What about other investors?
Other investors can wait on the sidelines while the direct suits proceed. They have six years to file and can be organized during this time. Australian counsel can use naked registrations, canvassing investor identities without funding claims. Large investors can be identified via public records and communications to custodians, law firms, and third-party claim filers. We help many non-Australian funds with large losses participate in your class action settlements. Consider decoupling efforts to organize claimants from your litigation. Have lawyers outside Australia do it and refer you their clients for representation. Outside Australia, it’s common for book building in securities cases to be done by firms that have no on-the-ground presence in the country of suit.
How are other investors brought in?
The direct suits can seek declaratory or injunctive relief which, if successful, will make it easier for other claimants to pursue their claims. Joinder and intervention can be used to bring in others and/or create mass actions. Complaints can be amended to add class allegations later in proceedings rather than at the start. If direct suits go well, at some point the defendants will want to settle and re-orient their mindset from wanting to exclude investors to wanting to include as many as possible to buy global peace. Having already identified eligible claimants, plaintiffs can make the defendants aware of the sizeable group waiting in the wings and encourage their thinking in that direction. In the US, plaintiff counsel make defendants aware of their claims in various ways including demand letter, tolling agreements, and motions to intervene for claim preservation.

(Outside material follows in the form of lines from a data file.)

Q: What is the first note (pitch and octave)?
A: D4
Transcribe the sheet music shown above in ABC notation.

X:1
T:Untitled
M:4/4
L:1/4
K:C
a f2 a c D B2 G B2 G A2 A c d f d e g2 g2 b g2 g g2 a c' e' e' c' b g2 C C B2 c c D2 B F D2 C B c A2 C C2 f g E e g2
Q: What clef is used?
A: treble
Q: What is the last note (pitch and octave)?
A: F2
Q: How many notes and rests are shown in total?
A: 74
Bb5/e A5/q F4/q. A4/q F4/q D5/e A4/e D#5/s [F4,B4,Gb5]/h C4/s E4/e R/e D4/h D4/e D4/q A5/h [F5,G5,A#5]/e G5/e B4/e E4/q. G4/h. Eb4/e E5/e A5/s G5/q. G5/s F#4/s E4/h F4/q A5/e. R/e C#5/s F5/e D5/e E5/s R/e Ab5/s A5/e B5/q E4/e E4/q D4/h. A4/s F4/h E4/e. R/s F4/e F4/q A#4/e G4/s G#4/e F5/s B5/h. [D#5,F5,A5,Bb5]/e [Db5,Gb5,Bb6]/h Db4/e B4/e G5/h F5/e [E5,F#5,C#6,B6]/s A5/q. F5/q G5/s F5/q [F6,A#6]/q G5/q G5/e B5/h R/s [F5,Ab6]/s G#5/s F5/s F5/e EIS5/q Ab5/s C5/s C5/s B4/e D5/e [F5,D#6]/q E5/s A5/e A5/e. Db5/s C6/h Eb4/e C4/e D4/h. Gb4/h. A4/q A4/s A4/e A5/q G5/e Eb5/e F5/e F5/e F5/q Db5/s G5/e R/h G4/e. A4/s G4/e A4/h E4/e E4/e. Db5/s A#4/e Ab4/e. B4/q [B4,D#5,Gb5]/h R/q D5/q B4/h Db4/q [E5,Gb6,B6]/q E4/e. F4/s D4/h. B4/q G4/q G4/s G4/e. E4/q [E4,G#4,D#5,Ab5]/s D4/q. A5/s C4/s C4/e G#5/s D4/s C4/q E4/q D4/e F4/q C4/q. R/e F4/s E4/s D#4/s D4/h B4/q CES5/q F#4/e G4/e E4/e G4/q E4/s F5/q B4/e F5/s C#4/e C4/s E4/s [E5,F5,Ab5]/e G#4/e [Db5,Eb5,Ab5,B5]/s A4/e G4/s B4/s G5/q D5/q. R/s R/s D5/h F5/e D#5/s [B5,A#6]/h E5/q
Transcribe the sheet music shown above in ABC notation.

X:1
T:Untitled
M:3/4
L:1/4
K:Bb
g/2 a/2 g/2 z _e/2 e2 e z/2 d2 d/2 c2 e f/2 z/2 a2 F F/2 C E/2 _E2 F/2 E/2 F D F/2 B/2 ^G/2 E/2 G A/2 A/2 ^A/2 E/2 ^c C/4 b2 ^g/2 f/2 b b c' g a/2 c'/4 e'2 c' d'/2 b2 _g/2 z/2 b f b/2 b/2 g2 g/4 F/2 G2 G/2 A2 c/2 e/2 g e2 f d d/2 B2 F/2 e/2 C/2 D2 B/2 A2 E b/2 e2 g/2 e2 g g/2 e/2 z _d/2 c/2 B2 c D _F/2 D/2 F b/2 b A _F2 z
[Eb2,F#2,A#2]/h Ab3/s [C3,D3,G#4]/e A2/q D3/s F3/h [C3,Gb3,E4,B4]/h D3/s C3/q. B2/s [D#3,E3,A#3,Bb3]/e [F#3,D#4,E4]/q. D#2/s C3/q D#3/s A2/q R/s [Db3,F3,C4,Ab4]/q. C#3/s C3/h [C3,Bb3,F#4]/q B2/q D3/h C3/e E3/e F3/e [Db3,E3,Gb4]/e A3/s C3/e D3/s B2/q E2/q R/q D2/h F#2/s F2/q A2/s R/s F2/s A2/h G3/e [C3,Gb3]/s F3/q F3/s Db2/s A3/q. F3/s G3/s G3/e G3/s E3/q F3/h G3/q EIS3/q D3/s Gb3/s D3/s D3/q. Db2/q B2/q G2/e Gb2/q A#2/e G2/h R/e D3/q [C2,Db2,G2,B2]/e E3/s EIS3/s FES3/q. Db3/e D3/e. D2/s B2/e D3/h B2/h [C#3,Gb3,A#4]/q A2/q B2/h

How can the lawyers or funders get paid?
For cases filed in Victoria, counsel can represent claimants on a contingency fee basis. Outside Victoria, conditional legal fees are permitted. For cases involving larger companies, there are likely non-Australian funds that, alone or with a small number of others, have losses sufficient to motivate someone to finance their suits. In Australia, funding arrangements are exempt if they involve less than 20 members and are not promoted by persons in that business. Query the extent to which these regulations apply to non-Australian claimants financed by sources outside Australia. While common fund orders are disfavored, equalization orders are permitted. Funding sources can charge direct litigants higher percentages knowing that if successful, much of the prosecution costs can be recouped from claimants joining later via equalization orders, reducing the ultimate burdens on the direct litigants.
My personal experience as a securities class action lawyer did not extend to the Australian jurisdiction but I have weathered similar political storms and I know that sometimes changing ground is as important as marshalling forces in opposition.
 In 2020, the Victorian Parliament passed an act allowing plaintiff law firms to pursue class actions on a contingency basis. They are not permitted in other states. The act was a victory for investors, reducing fees and increasing their share of case proceeds while making it easier for law firms to bring actions. Pro-business lobbies and politicians are seeking to consolidate securities class actions in federal court in an attempt to undo this act as part of a coordinated effort to restrict them.